Exercise objective: Output the data word for word, dropping every image.

Data segment:

* * * *

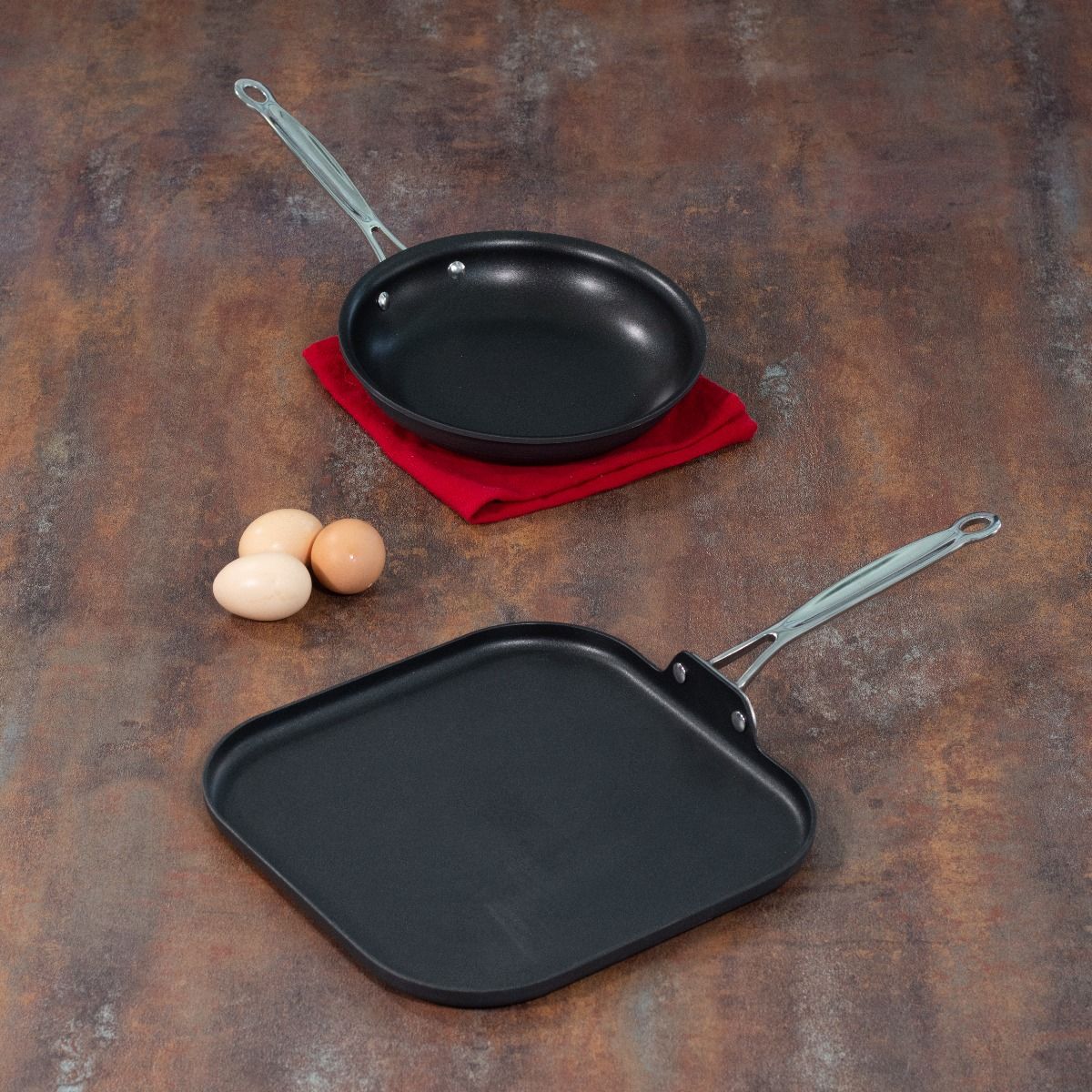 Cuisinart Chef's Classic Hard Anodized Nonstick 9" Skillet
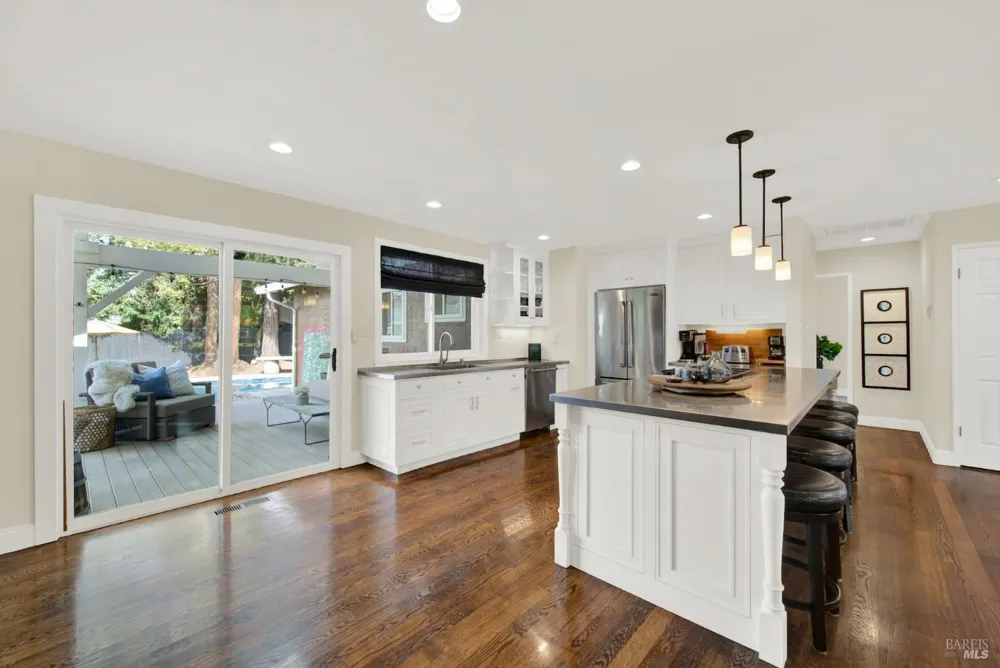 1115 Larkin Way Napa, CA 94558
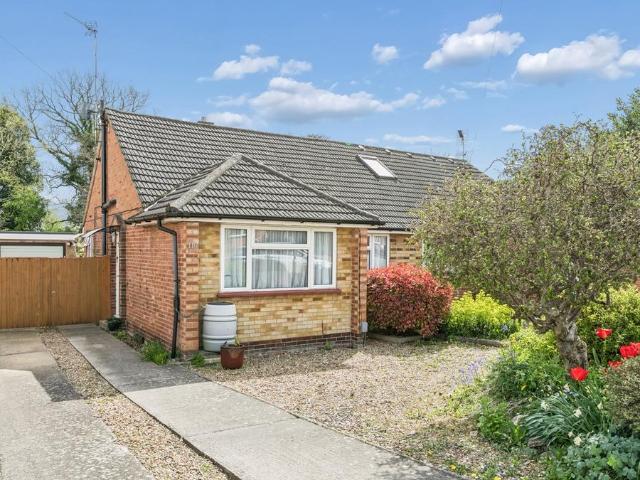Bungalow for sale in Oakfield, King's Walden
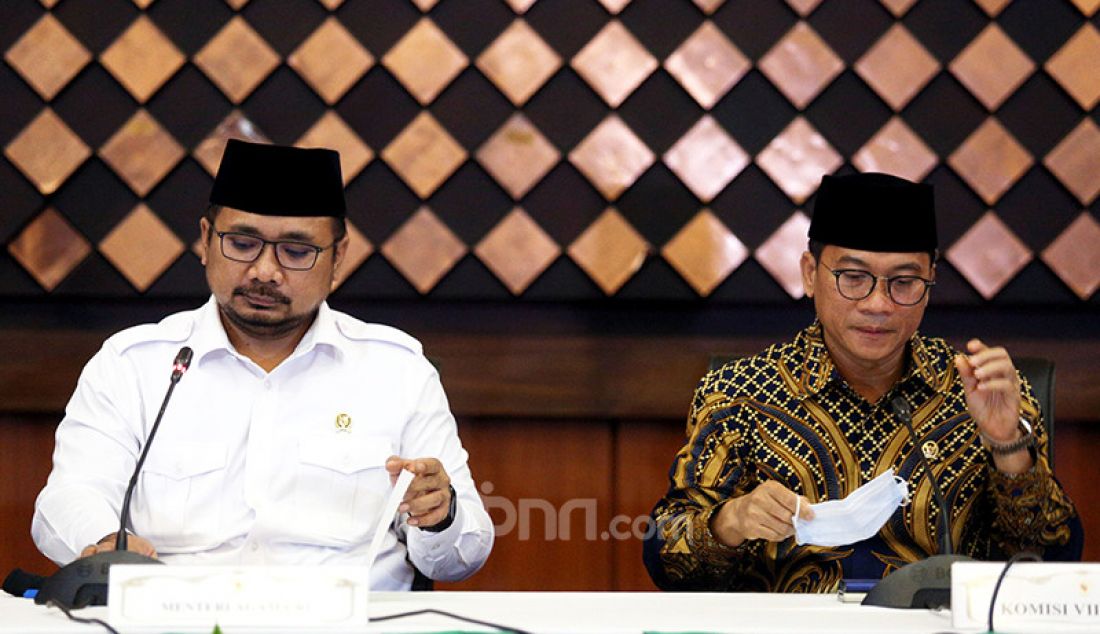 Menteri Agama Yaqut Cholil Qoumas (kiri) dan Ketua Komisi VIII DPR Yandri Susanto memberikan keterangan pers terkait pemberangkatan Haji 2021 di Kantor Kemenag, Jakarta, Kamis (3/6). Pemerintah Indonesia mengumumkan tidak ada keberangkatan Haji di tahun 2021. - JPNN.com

* * * *

Result for this task:
 Cuisinart Chef's Classic Hard Anodized Nonstick 9" Skillet
 1115 Larkin Way Napa, CA 94558
Bungalow for sale in Oakfield, King's Walden
 Menteri Agama Yaqut Cholil Qoumas (kiri) dan Ketua Komisi VIII DPR Yandri Susanto memberikan keterangan pers terkait pemberangkatan Haji 2021 di Kantor Kemenag, Jakarta, Kamis (3/6). Pemerintah Indonesia mengumumkan tidak ada keberangkatan Haji di tahun 2021. - JPNN.com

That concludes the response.